What needs to be done.
Look through the data that follows and copy each line with the string "Street".
** Opening Supplied records block **
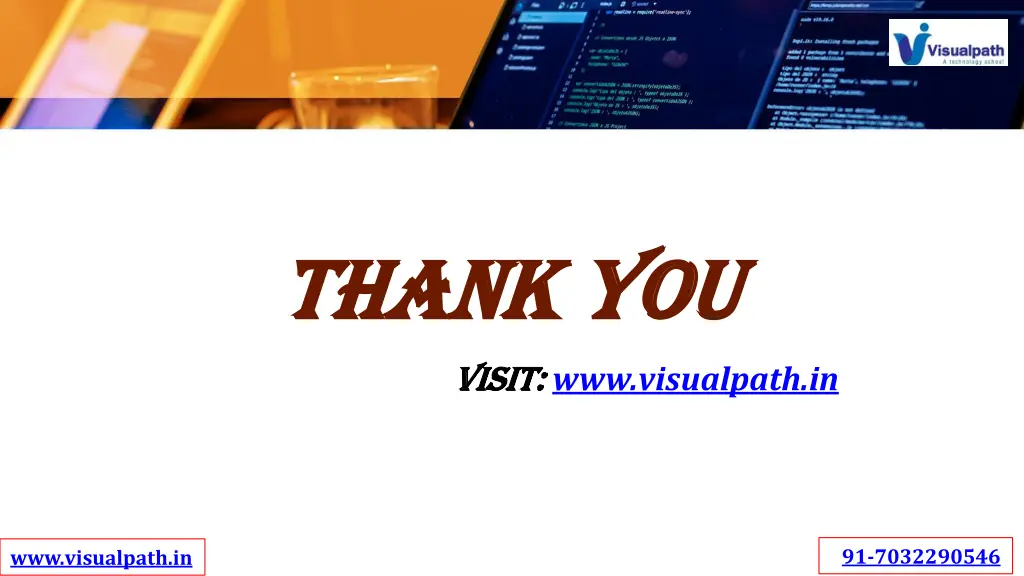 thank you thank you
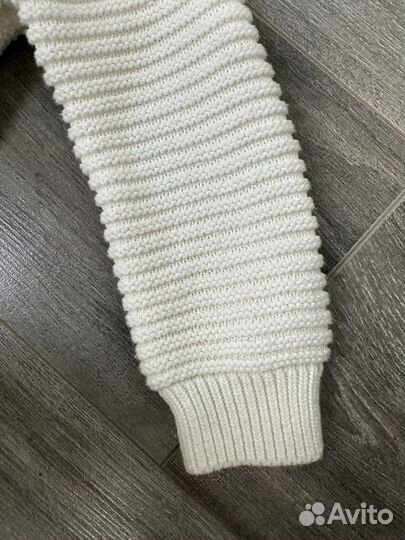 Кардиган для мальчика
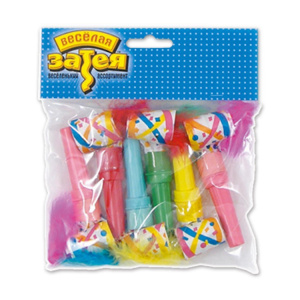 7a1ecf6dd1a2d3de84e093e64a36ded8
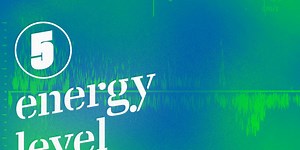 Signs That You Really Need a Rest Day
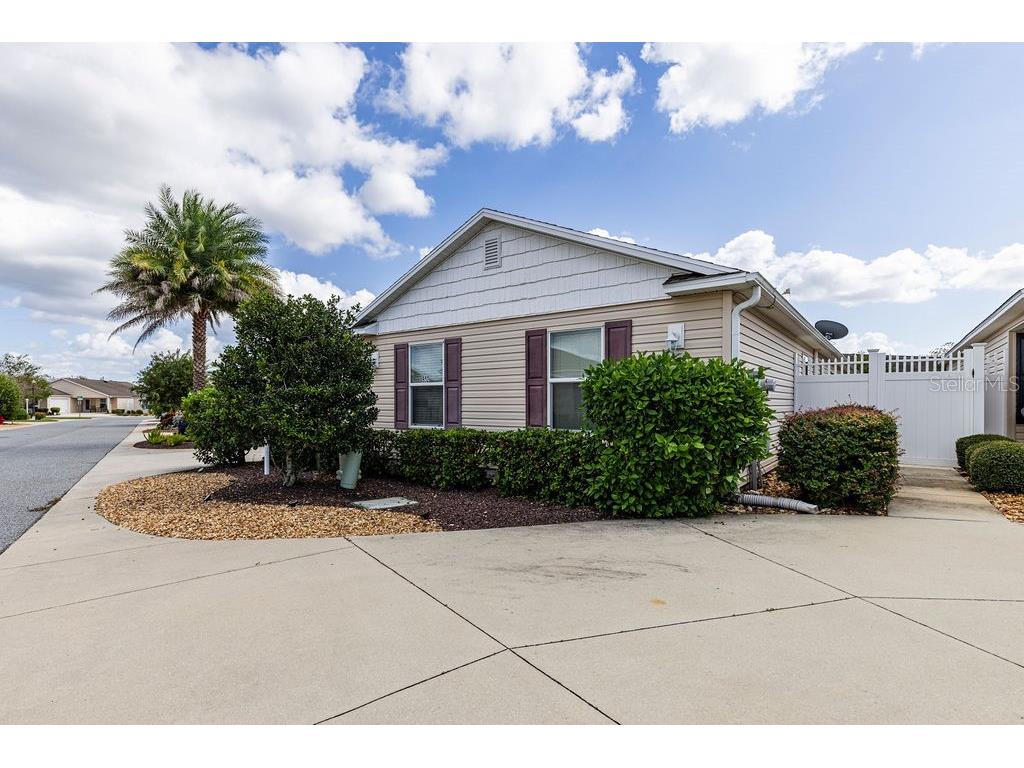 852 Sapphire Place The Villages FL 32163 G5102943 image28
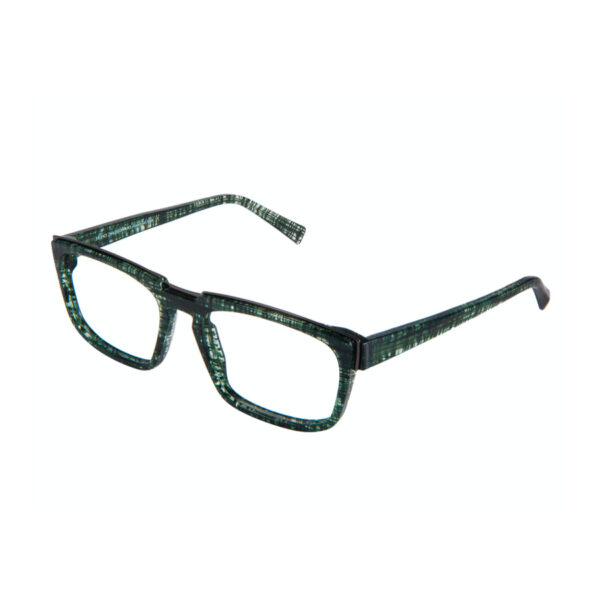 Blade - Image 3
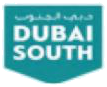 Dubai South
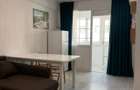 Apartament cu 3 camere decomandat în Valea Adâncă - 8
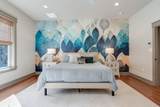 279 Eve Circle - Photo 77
** Closing Supplied records block **
** Opening Supplied records block **
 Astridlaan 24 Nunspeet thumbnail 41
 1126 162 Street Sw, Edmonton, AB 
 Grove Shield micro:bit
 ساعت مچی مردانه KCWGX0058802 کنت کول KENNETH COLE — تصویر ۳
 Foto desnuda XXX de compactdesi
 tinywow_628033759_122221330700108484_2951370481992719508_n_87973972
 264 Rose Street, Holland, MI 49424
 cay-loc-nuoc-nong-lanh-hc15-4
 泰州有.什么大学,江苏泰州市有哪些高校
** Closing Supplied records block **
Problem solution.
 1126 162 Street Sw, Edmonton, AB 
 264 Rose Street, Holland, MI 49424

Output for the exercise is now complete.